_PROVIDED RECORDS_
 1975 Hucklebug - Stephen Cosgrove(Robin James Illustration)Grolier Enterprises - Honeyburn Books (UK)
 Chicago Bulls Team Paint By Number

---

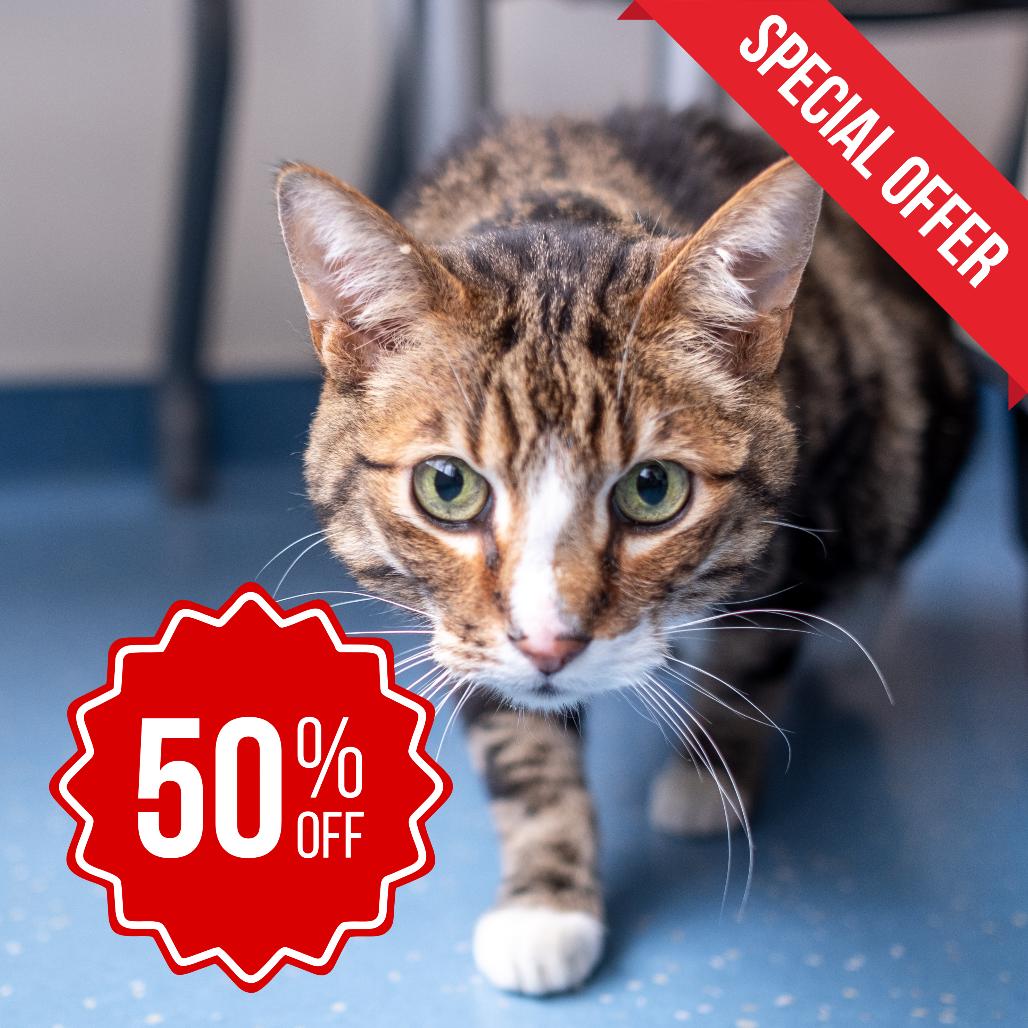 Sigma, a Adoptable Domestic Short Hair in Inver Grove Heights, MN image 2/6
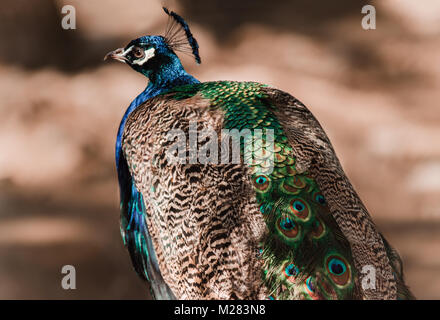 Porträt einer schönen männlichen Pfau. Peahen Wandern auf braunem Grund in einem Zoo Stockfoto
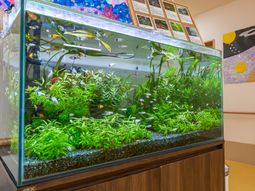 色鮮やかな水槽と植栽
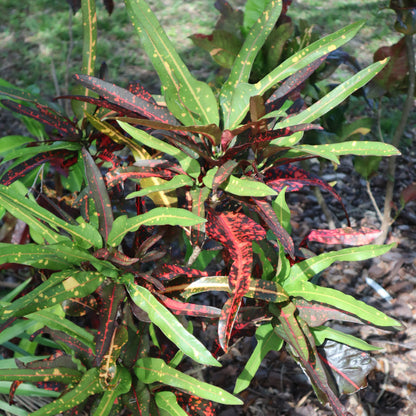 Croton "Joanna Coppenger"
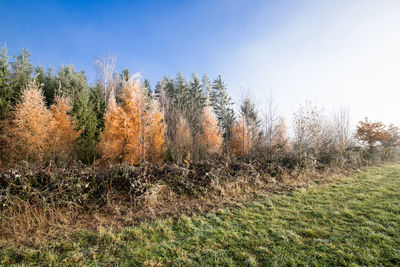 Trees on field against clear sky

_DESCRIPTION OF THE TASK_
Take the stretch of lines above from the one containing "1975 Hucklebug - Stephen" through the one containing "Chicago Bulls Team Paint By Number" and repeat it exactly, adding no other line.

_EXPECTED ANSWER_
 1975 Hucklebug - Stephen Cosgrove(Robin James Illustration)Grolier Enterprises - Honeyburn Books (UK)
 Chicago Bulls Team Paint By Number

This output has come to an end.